[1] Reference Books on this Period will be found in the Classified List of Books in the Appendix. The pronunciation of names will be found in the Index. The Leading Dates stand unenclosed; all others are in parentheses.
159. Accession and Dominions of Henry II.
Henry was just of age when the death of Stephen (S141) called him to the throne.
From his father, Count Geoffrey of Anjou, a province of France, came the title of Angevin. The name Plantagenet, by which the family came to be known later, was derived from the count's habit of wearing a sprig of the golden-blossomed broom plant, or Plante-gene^t, as the French called it, in his helmet.
Henry received from his father the dukedoms of Anjou and Maine, from his mother Normandy and the dependent province of Brittany, while through his marriage with Eleanor, the divorced Queen of France, he acquired the great southern dukedom of Aquitaine.
Thus on his accession he became ruler over all England, and over more than half of France besides, his realms extending from the borders of Scorland to the base of the Pyrenees. (See map facing p. 84.)
To these extensive possessions Henry added the eastern half of Ireland.[1] The country was but partially conquered and never justly ruled. The English power there remained "like a spear-point embedded in a living body," inflaming all around it.[2]

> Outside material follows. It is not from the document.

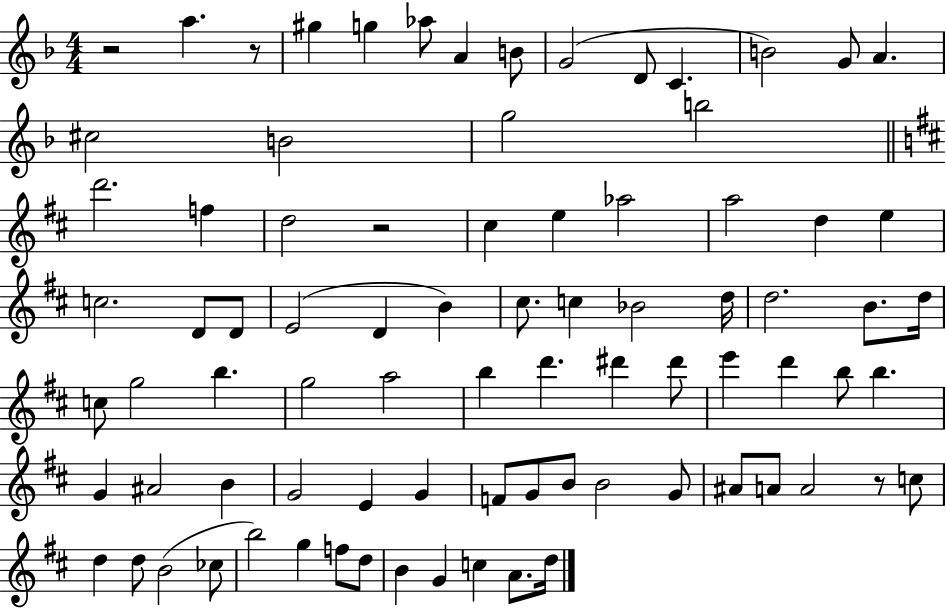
R/h A5/q. R/e G#5/q G5/q Ab5/e A4/q B4/e G4/h D4/e C4/q. B4/h G4/e A4/q. C#5/h B4/h G5/h B5/h D6/h. F5/q D5/h R/h C#5/q E5/q Ab5/h A5/h D5/q E5/q C5/h. D4/e D4/e E4/h D4/q B4/q C#5/e. C5/q Bb4/h D5/s D5/h. B4/e. D5/s C5/e G5/h B5/q. G5/h A5/h B5/q D6/q. D#6/q D#6/e E6/q D6/q B5/e B5/q. G4/q A#4/h B4/q G4/h E4/q G4/q F4/e G4/e B4/e B4/h G4/e A#4/e A4/e A4/h R/e C5/e D5/q D5/e B4/h CES5/e B5/h G5/q F5/e D5/e B4/q G4/q C5/q A4/e. D5/s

[1] Ireland: The population of Ireland at this time consisted mainly of descendants of the Celtic and other prehistoric races which inhabited Britain at the period of the Roman invasion. When the Saxons conquered Britain, many of the natives, who were of the same stock and spoke essentially the same language as the Irish, fled to that country. Later, the Danes formed settlements on the coast, especially in the vicinity of Dublin. The conquest of England by the Normans was practically a victory gained by one branch of the German race over another (Saxons, Normans, and Danes having originally sprung from the same Teutonic stock or from one closely akin to it, and the three soon mingled); but the partial conquest of Ireland by the Normans was a radically different thing. They and the Irish had really nothing in common. The latter refused to accept the feudal system, and continued to split up into savage tribes or clans under the rule of petty chiefs always at war with each other. Thus for centuries after England had established a settled government, Ireland remained, partly through the battles of the clans, and partly through the aggressions of a hostile race, in a state of anarchic confusion which prevented all true national growth. [2] W. E. H. Lecky's "England in the XVIIIth Century," II, 102.
160. Henry II's Charter and Reforms.
On his mother's side Henry was a descendent of Alfred the Great (S51); for this reason he was hailed with enthusiasm by the native English. He at once began a system of reforms worthy of his illustrious ancestor. His first act was to issue a charter confirming the Charter of Liberties or pledges of good government which his grandfather, Henry I, had made (S135). His next was to begin leveling to the ground the castles unlawfully built in Stephen's reign, which had caused such widespread misery to the country[3] (S141). He continued the work of demolition until it is said he destroyed no less than eleven hundred of these strongholds of oppression.